What, geometrically, is meant by percent thread depth? And, what would constitute 100% thread depth?

I have been trying to derive the equation for thread percentage in the textbook Machine Tool Practices (Kibbe et.al., ed. 10): $$Hole\ diameter = Outside\ diameter - \frac{0.1266 \times \%\ of\ thread\ depth}{threads\ per\ inch}$$ The book explains that tap drill charts usually show a 75% thread depth, because a greater percentage of thread does not increase the strength appreciably. It goes on to suggest using lower thread depths (50%-60%) for harder materials, to ensure the bolt breaks before the thread strips.

The problem arises when I try to find where the $$1.266$$ constant (lets call it $$\Gamma$$) comes from.

The pitch $$P$$ relates to $$H$$ by $$H = tan(60^\circ)\frac{P}{2}$$ And, then, the maximum thread depth would be where the whole flank is in contact.
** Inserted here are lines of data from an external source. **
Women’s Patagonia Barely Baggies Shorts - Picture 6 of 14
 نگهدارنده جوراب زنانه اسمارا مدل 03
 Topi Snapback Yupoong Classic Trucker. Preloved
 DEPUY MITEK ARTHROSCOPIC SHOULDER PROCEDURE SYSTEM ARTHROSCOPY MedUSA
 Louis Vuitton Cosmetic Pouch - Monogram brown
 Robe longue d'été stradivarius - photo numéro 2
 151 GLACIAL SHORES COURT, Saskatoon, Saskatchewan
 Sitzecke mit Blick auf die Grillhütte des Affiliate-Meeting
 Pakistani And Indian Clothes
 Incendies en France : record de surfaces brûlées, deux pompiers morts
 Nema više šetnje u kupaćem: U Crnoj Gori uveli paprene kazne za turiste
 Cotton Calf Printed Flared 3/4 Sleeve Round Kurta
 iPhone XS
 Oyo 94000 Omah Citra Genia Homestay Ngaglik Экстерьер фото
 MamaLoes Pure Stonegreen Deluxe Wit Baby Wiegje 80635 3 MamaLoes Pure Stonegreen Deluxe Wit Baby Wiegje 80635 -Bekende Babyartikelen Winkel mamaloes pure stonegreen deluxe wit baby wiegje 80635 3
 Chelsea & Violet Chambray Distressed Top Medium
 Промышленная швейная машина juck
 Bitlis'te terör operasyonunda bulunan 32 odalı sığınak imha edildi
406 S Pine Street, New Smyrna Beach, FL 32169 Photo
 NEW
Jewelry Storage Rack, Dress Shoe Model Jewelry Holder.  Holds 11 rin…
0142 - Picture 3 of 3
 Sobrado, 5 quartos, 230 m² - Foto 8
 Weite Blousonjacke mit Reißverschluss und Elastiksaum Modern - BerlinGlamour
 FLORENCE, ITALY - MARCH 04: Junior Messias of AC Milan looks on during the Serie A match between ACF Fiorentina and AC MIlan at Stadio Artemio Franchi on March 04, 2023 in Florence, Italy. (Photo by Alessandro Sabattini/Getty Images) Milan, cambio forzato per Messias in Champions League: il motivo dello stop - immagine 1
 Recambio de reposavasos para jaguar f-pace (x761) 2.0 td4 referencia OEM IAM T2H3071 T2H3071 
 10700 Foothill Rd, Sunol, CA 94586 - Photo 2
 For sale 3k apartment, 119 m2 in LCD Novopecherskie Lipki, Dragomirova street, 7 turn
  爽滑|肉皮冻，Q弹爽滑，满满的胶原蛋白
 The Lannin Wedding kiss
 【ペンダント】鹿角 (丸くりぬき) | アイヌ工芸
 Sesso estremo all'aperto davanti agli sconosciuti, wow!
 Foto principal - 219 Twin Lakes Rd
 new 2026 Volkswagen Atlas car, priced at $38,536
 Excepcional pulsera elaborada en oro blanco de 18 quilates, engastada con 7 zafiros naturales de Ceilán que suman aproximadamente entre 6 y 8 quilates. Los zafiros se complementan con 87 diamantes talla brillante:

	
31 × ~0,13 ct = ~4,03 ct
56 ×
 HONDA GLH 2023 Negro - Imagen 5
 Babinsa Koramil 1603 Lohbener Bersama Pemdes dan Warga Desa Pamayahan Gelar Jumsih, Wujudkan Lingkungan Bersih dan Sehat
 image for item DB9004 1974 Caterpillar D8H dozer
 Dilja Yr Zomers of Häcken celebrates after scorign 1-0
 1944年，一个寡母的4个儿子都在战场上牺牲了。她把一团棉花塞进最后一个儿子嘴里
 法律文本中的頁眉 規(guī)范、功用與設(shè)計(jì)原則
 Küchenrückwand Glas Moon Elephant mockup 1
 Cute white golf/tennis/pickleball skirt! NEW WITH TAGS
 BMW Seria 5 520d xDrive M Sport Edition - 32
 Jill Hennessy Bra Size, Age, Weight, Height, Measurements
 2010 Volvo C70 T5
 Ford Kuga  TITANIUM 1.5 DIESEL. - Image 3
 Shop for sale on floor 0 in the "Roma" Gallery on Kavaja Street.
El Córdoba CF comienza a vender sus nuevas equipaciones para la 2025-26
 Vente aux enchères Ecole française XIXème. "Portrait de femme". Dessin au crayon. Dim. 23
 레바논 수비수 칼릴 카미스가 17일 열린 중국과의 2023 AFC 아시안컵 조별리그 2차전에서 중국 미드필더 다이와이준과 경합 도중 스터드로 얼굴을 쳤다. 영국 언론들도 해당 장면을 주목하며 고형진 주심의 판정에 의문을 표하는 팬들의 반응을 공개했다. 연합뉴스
If "100%" thread depth means that the thread is engaged down the whole flank (from $$D_{maj}$$ to $$D_{min}$$), then (multiplied by two on the right to account for both sides) $$D_{maj}-D_{min} = 2\frac{5H}{8} = \frac{5}{8}tan(60^\circ)P$$ $$\Gamma = \frac{5}{8}tan(60^\circ) = 1.0825$$

This is different from the 1.266 given in the formula. Other sources give different numbers:

• A $$\Gamma = 1.299$$, basically that 100% thread uses a flank the height of $$\frac{7}{8}H$$
• B $$\Gamma = 1.0825%$$, same as mine
• C $$\Gamma = 1.2269$$, if you include the radius cut into the external thread to be $$H/12$$ in the 100% thread, even though the peaks of the internal thread will never reach it. This source doesn't really mention % depth, however
• D This thread has a lot of discussion. Several members suggest that the constant was carried over from a previous geometry. Whitworth would have $$\Gamma = \frac{2}{3}tan(62.5^\circ) = 1.2807$$ (I think) discounting that theory.

The problem seems to be in the fraction of H that constitutes 100% thread depth. Any guidance would be much appreciated.